Fracking, the popular abbreviation for hydraulic fracturing, is a technique involving the injection of millions of gallons of water and thousands of gallons of potentially harmful chemicals underground at very high pressure which create fractures in the underlying shale rock formations and allows for the extraction of the natural gas found in those layers.
Fracking opens up access to what is believed by experts to be a vast source of natural gas. This could alleviate a lot of our future energy shortages. This also means profits to energy companies. This may lead to energy independence of the United States. However, other experts believe that this means a threat to our air and water – the Earth where we live. Admittedly, particular situations would lead one to believe that, at least in those situations, that this method has some environmental issues.

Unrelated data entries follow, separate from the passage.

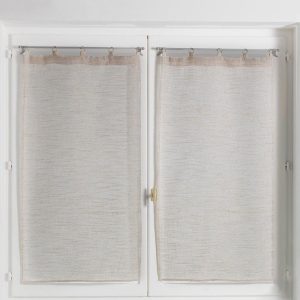 Béžové voálové záclony v sadě 2 ks 60x90 cm Milza – douceur d'intérieur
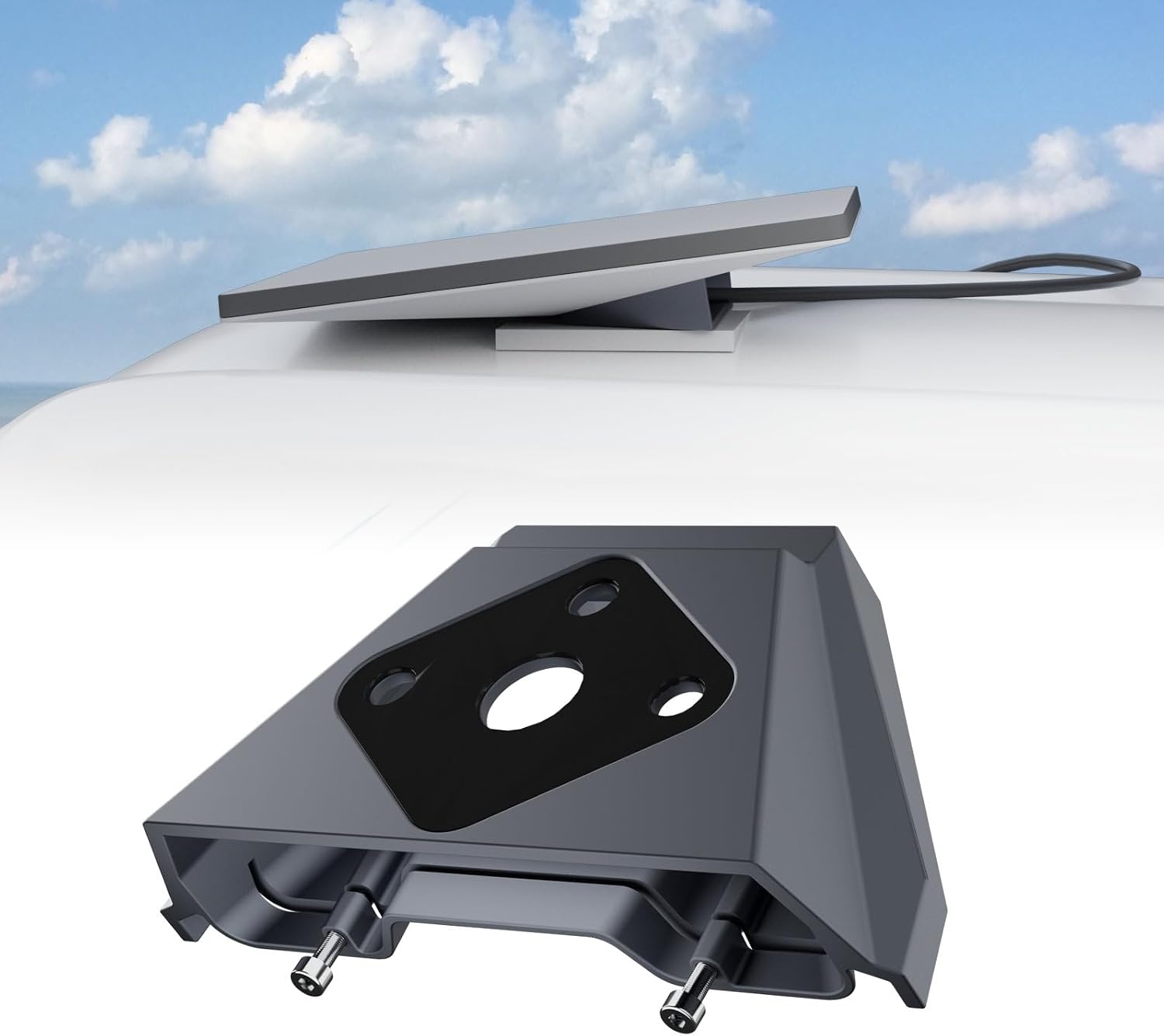 Klutchtech Starlink Mini Mount: Anti-Theft Aluminum Car Mount Kit for RV, Boat, and More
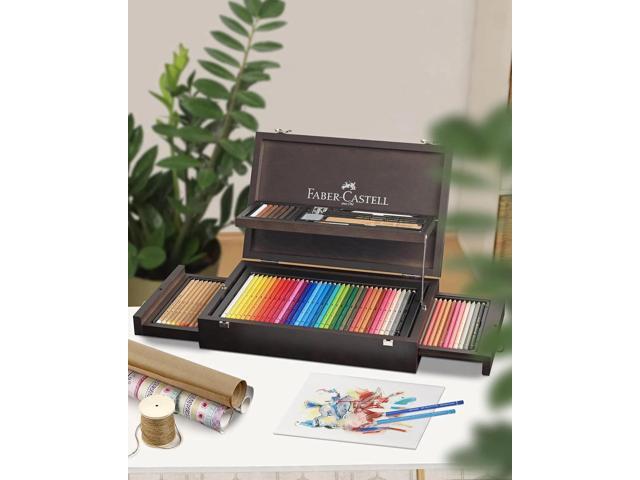 Faber-Castell Art & Graphic 125 PCS Pencils Collection, Wood Case, Multicolored
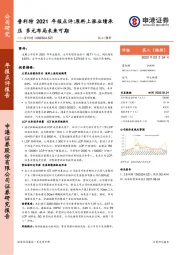 普利特2021年报点评:原料上涨业绩承压 多元布局未来可期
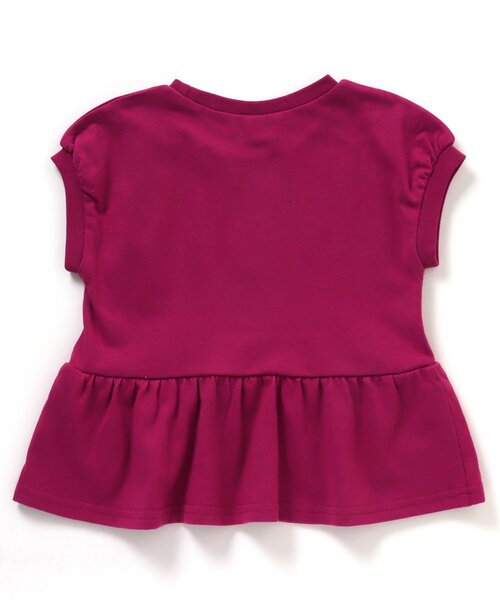 apres les cours（アプレレクール）の「【WEB限定/新色追加】ペプラムリボンTシャツ（Tシャツ/カットソー・キッズ・オレンジ/アイボリー/サックスブルー/ピンク/ブラック/イエロー/グリーン・130/80/120/140/100/110/90）」の21枚目の写真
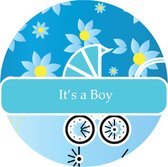 Button It's a Boy kinderwagen - baby - kinderwagen - it's a Boy - genderreveal - - babyshower - geboorte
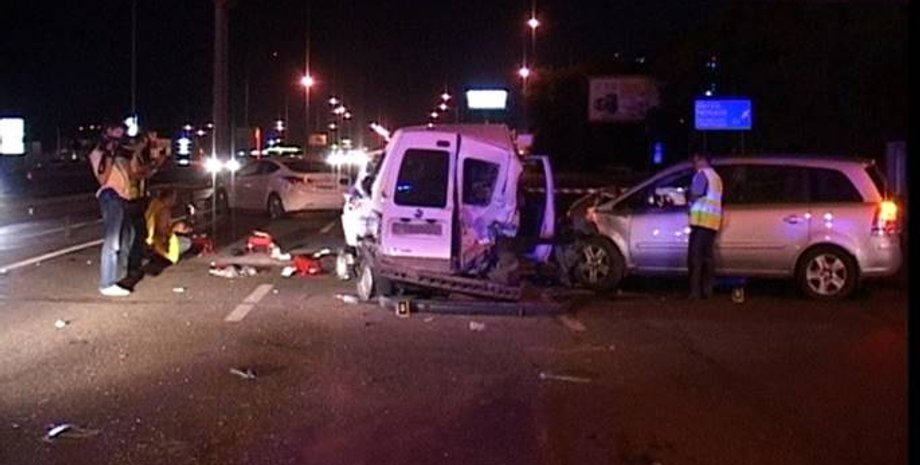 На месте ДТП в Киеве / Фото: kyiv.npu.gov.ua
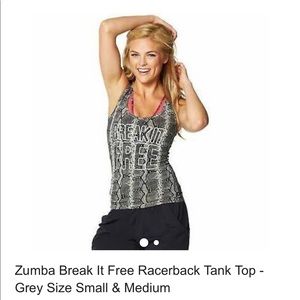 Break it Free Racerback Grey Scale , Zumba Tank Top.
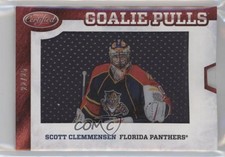 2012-13 Certified Goalie Pulls Jerseys /25 Scott Clemmensen #GP42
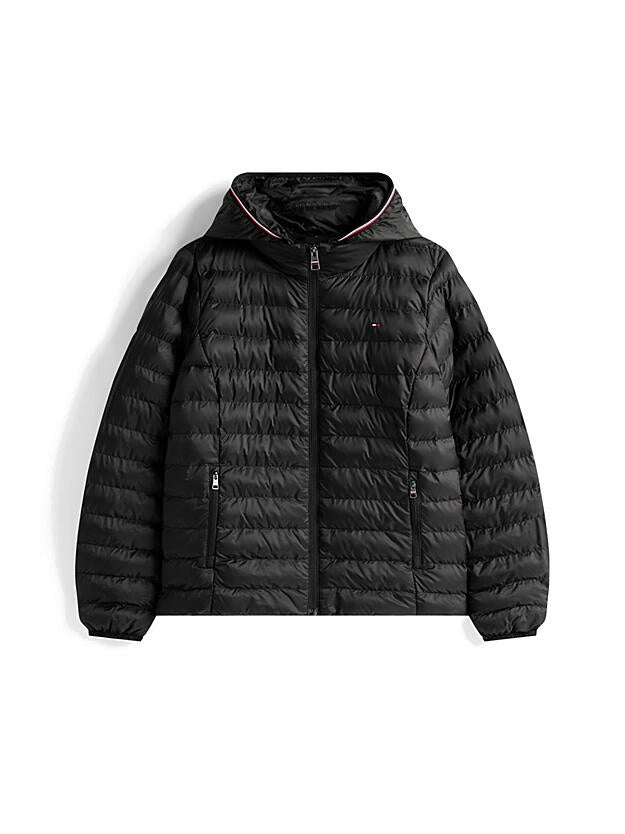 Steppjacke mit Kapuze - BDS-BLACK - Schwarz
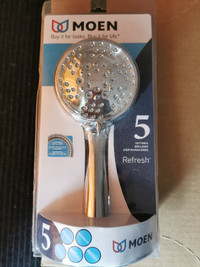 New Moen handheld showerheads 5 settings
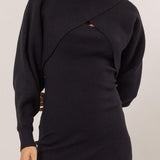 Two Piece Dress Set - Black-dress- Hometown Style HTS, women's in store and online boutique located in Ingersoll, Ontario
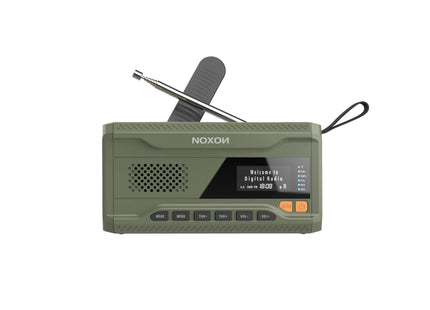 Noxon DAB+ Radio Dynamo Solar 211 Green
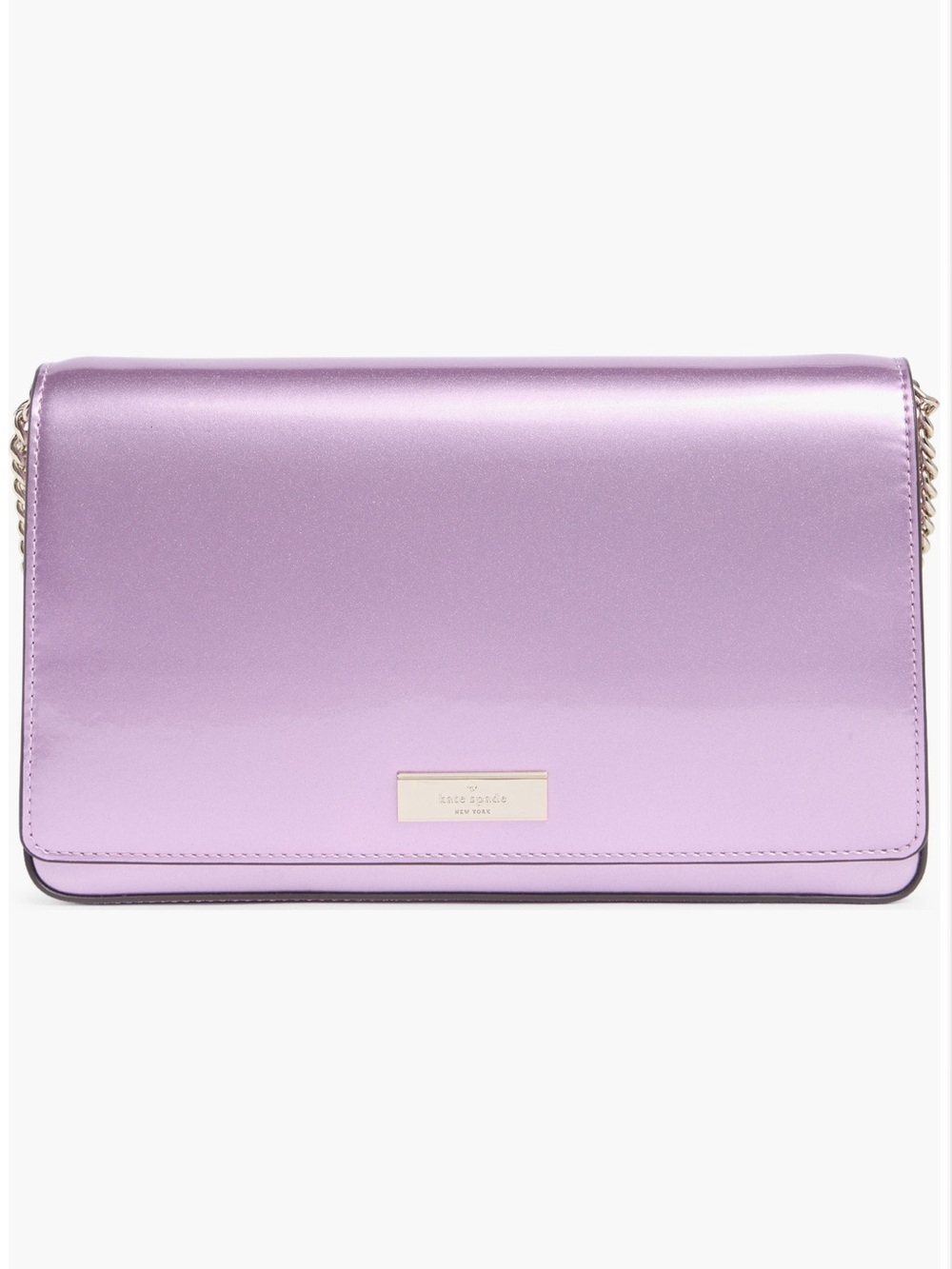 $329 Kate Spade ♠️ Kenzie Small Convertible Crossbody Clutch Silver Tone NWT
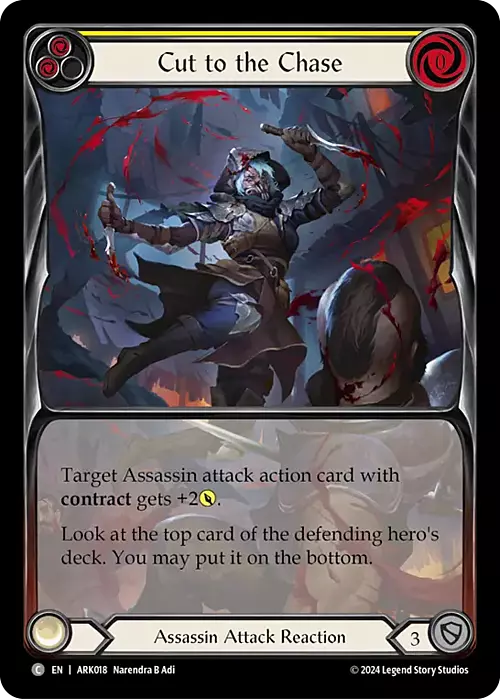 Cut to the Chase (Yellow) Card Front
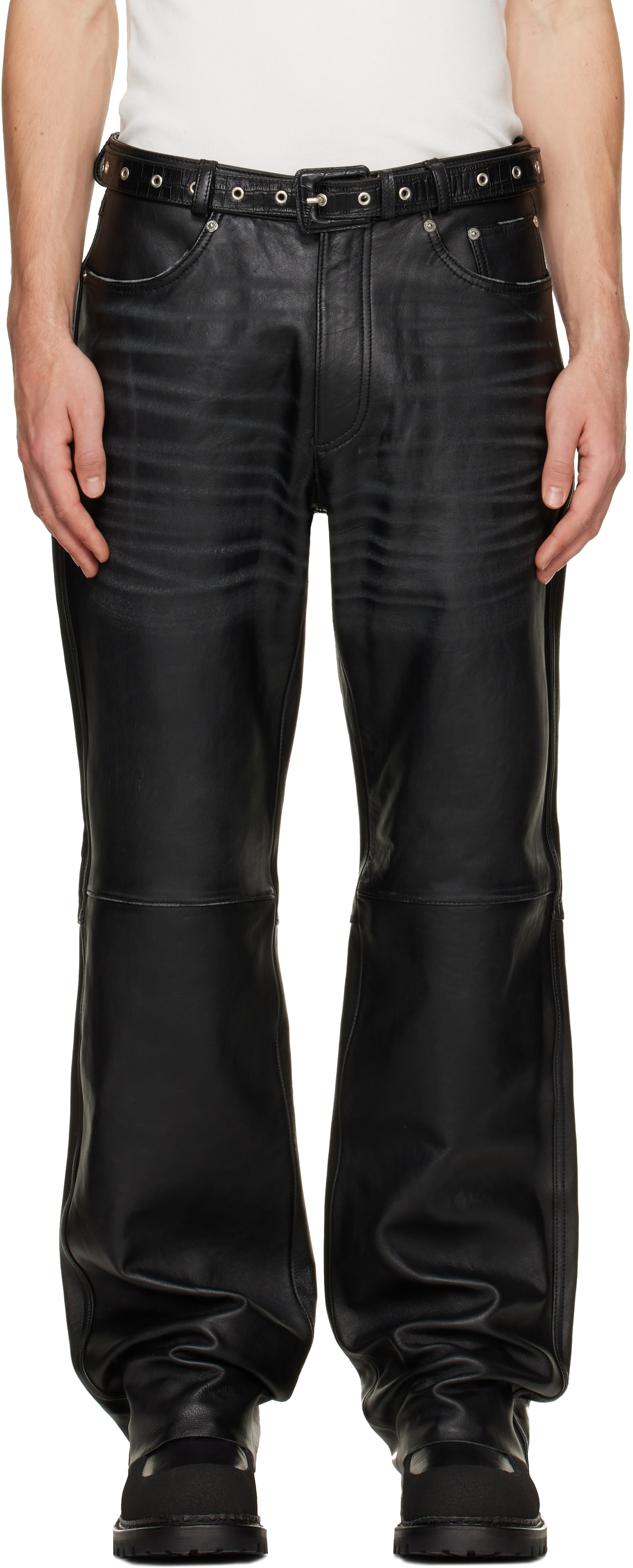 OUR LEGACY - Black Carlson Cut Leather Pants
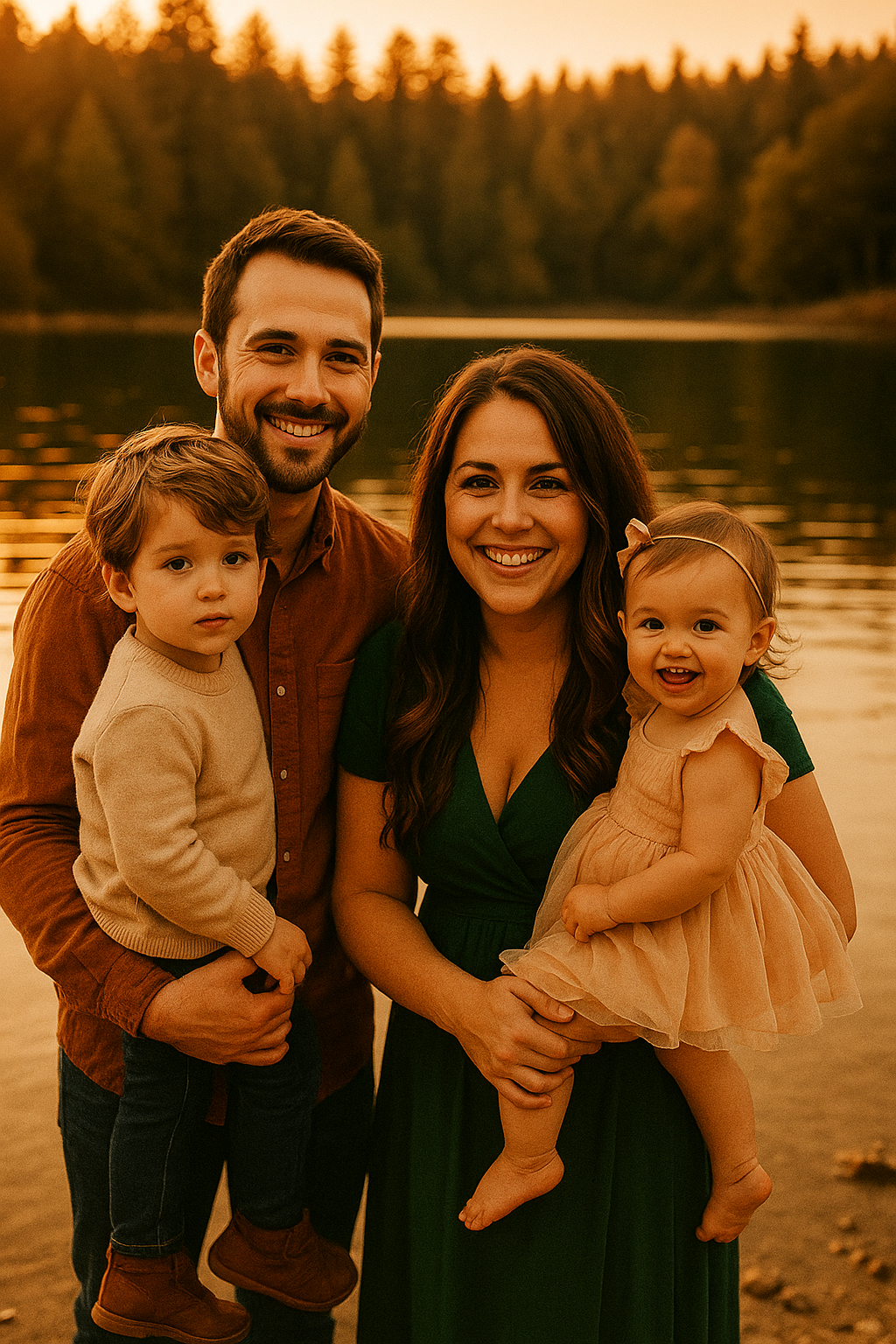 Original lake family photo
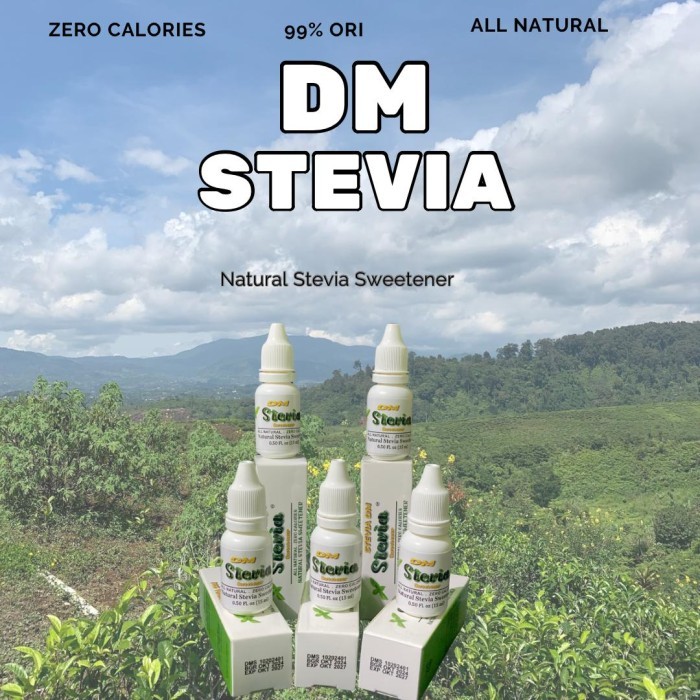 

ORIGINAL DM STEVIA - Pemanis Alami Nol Calori Cegah Diabetes Tanpa Takut Manis PREMIUM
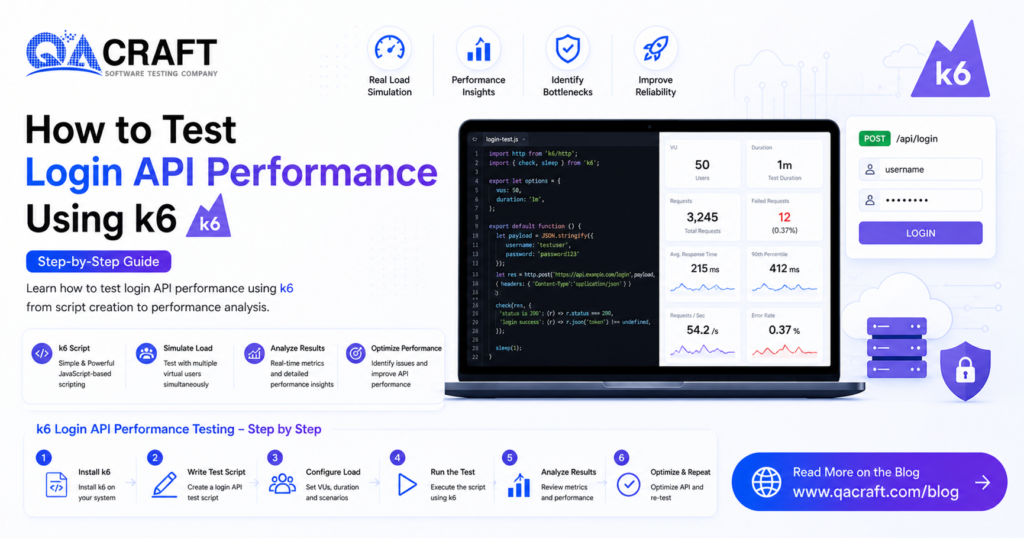 How to Test Login API Performance Using k6 Step-by-Step Guide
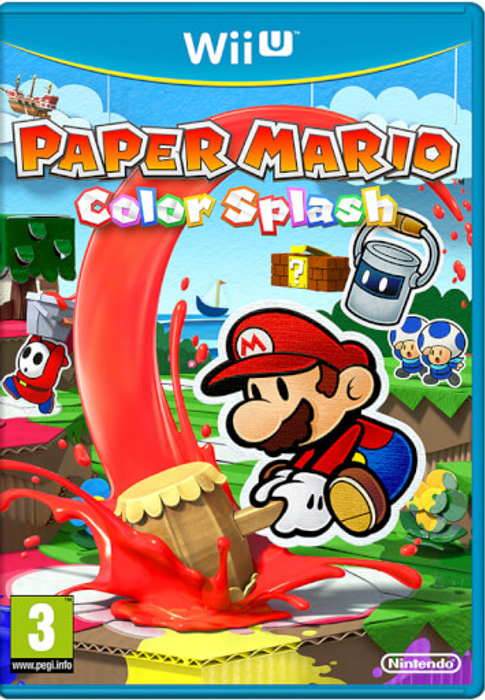 Paper Mario Color Splash Wii U  - Game Code (EU & UK)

Just like any other environmental issues, fracking is likely to remain an issue in the forefront of energy policy.
Watch this somewhat humorous video to learn more about Fracking – My Water’s On Fire Tonight (The Fracking Song.)
I don’t necessarily agree with all of the “facts” presented in this video, but I’m sure if it was happening in my back yard I would want to investigate a little more.
A recent development in the Talladega National Forest in Alabama has local residents waging a small war against the government for proposing to open up “fracking rights” in the National Forest there. This is located on Cheaha Mountain, the highest point in Alabama at a little over 2200 feet. (Full Disclosure: My hometown is at the foot of Cheaha Mountain in the small town of Munford, AL.)